Reproduce the listing in full, exactly as written, but without images.

── Input data ──

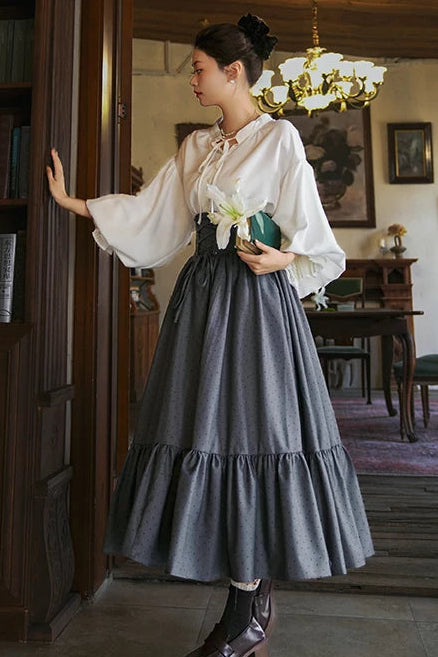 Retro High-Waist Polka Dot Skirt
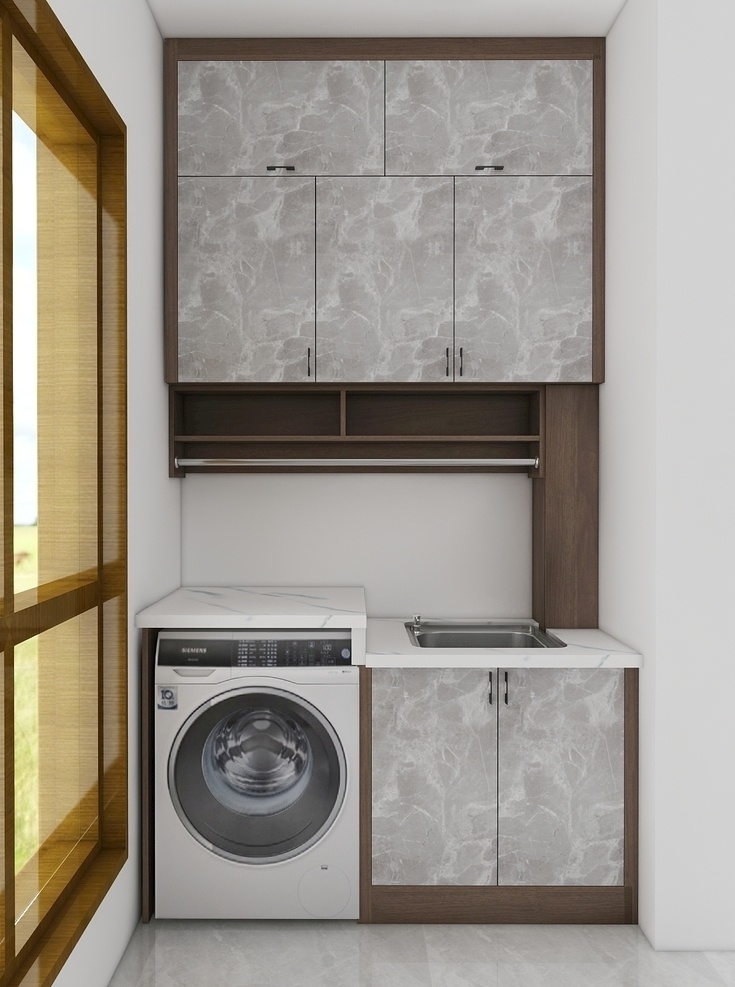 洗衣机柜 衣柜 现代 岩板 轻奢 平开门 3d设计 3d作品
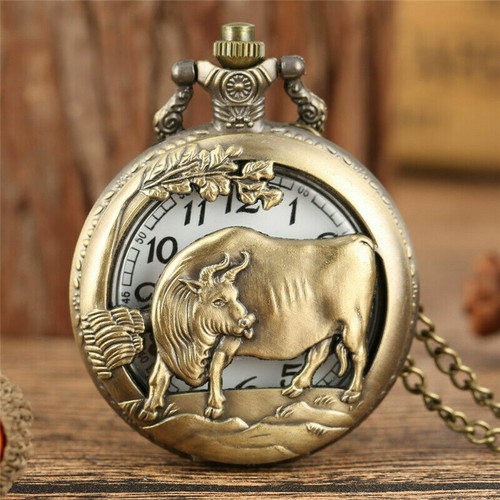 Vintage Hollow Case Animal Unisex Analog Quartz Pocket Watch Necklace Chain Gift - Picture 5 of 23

───

◆ **Answer area**:
 Retro High-Waist Polka Dot Skirt
 洗衣机柜 衣柜 现代 岩板 轻奢 平开门 3d设计 3d作品
 Vintage Hollow Case Animal Unisex Analog Quartz Pocket Watch Necklace Chain Gift - Picture 5 of 23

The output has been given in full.